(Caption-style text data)
---

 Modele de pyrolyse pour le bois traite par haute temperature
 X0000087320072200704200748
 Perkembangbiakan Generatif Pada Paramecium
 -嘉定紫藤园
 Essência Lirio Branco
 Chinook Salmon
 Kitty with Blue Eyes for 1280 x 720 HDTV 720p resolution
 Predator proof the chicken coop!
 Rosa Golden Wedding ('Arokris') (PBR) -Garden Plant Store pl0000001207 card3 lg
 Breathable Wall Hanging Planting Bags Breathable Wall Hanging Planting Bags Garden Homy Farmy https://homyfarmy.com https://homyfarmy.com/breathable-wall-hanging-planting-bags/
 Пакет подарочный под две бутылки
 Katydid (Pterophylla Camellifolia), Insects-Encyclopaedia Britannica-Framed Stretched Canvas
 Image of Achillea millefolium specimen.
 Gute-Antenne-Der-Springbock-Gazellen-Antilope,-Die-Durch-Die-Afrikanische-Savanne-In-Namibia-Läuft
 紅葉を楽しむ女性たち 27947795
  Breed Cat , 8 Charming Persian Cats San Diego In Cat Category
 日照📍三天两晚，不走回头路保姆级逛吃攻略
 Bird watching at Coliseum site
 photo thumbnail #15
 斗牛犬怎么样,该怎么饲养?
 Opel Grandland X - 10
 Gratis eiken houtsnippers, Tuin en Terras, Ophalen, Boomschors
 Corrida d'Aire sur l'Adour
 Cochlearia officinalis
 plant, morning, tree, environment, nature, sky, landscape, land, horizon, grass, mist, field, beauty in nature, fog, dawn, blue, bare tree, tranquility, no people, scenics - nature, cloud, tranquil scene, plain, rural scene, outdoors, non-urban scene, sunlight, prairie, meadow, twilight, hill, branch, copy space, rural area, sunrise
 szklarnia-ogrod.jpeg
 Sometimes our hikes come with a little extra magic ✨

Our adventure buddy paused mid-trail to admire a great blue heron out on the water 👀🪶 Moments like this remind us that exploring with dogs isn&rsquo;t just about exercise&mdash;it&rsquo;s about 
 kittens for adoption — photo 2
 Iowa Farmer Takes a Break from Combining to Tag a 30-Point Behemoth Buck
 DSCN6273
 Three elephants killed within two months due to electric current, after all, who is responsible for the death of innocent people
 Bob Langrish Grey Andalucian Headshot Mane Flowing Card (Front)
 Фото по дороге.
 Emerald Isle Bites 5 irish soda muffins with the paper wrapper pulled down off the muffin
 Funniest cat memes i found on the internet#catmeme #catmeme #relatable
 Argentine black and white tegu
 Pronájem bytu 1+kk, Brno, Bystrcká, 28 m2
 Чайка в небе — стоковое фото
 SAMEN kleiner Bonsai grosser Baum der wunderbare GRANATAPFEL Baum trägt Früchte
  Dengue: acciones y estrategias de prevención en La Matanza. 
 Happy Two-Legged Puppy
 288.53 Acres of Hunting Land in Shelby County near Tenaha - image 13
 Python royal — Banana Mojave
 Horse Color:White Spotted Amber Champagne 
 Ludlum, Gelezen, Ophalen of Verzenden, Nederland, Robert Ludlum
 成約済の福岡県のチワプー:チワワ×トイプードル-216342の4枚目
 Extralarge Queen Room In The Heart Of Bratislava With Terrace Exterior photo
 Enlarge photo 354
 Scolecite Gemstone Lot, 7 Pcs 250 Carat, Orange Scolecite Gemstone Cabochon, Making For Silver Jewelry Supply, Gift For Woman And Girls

---

**Exercise objective**:
Would you copy, unchanged, the stretch of the records above that begins at the line containing "rural area, sunrise" and ends at the line containing "szklarnia-ogrod.jpeg", and only that?

**Exercise solution**:
 plant, morning, tree, environment, nature, sky, landscape, land, horizon, grass, mist, field, beauty in nature, fog, dawn, blue, bare tree, tranquility, no people, scenics - nature, cloud, tranquil scene, plain, rural scene, outdoors, non-urban scene, sunlight, prairie, meadow, twilight, hill, branch, copy space, rural area, sunrise
 szklarnia-ogrod.jpeg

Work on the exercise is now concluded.